The Japanese government has decided to continue with low interest regime and key interest rates have been set between 0 and 1 percent to stimulate growth.
The Japanese Central Bank issued a warning stating that the economy ‘seems to be pausing’. The Japanese economy has seen falling prices, lower exports and a strong currency.
In an attempt to boost the economy and create more jobs, the government announced a stimulus package of $61 billion (£39 billion). The Bank of Japan declared that additional steps will be taken to help the economy recover.
The Central Bank said that although the economy was showing signs of “moderate recovery”, the bank would “continue to carefully examine the outlook for economic activity and prices, and take policy action in an appropriate manner”.
The Bank expressed its worry over the declining consumer demand and business sentiment and the resultant fall in manufacturing.

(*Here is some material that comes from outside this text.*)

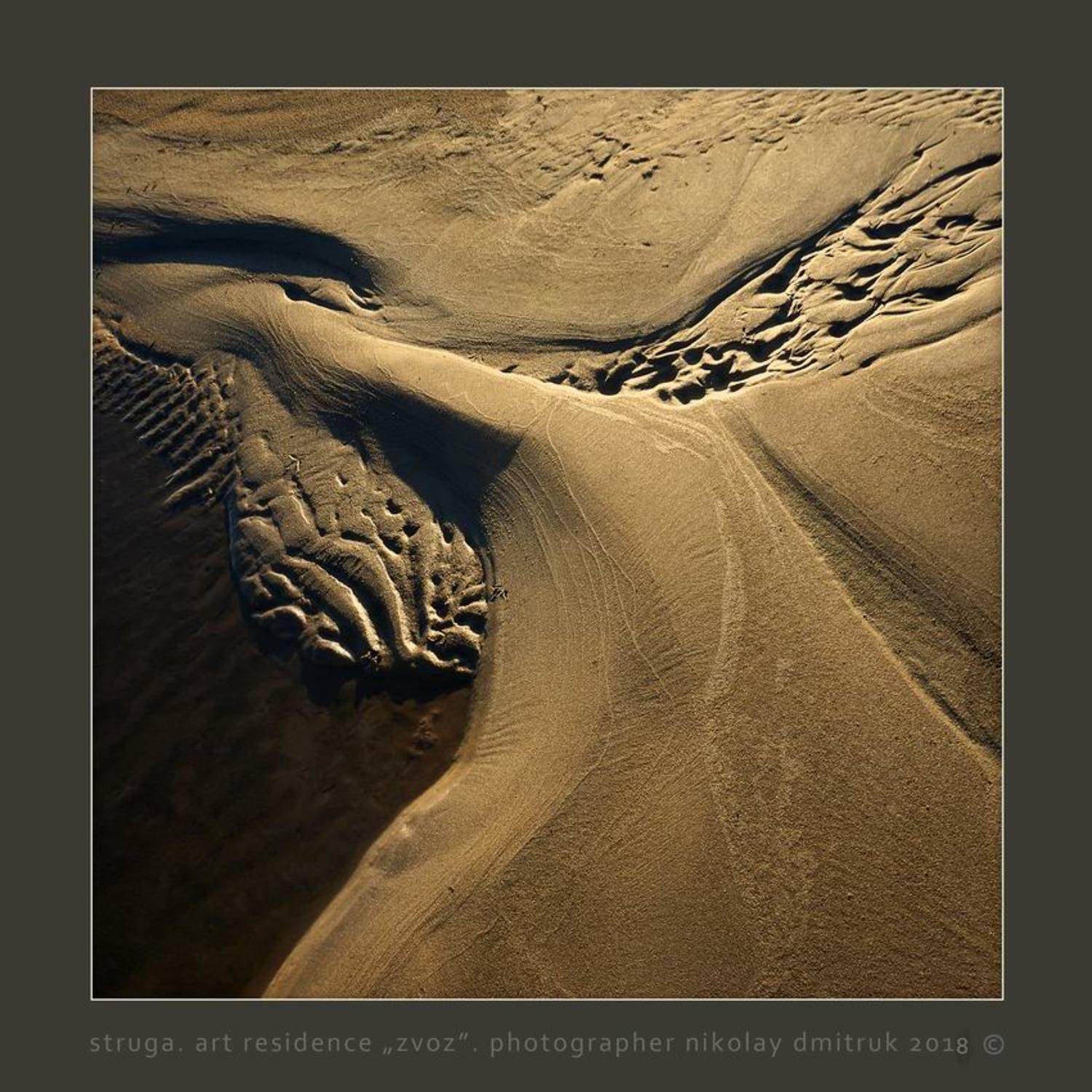 без, категории, николай дмитрук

Although the Japanese economy grew at an annual rate of 4% between July and September, many economists are not convinced and term the growth unsustainable. They expect the fourth quarter growth to be lower.
Japanese exports have suffered heavily in recent times as demand for its goods slumped due to the economic crisis. Adding to the woes, the Yen became stronger making export more expensive and uncompetitive.
Japan has witnessed deflation – a condition where prices of goods and services fall, for 20 months in a row. This has seriously hampered consumer confidence and stifled fresh private investments.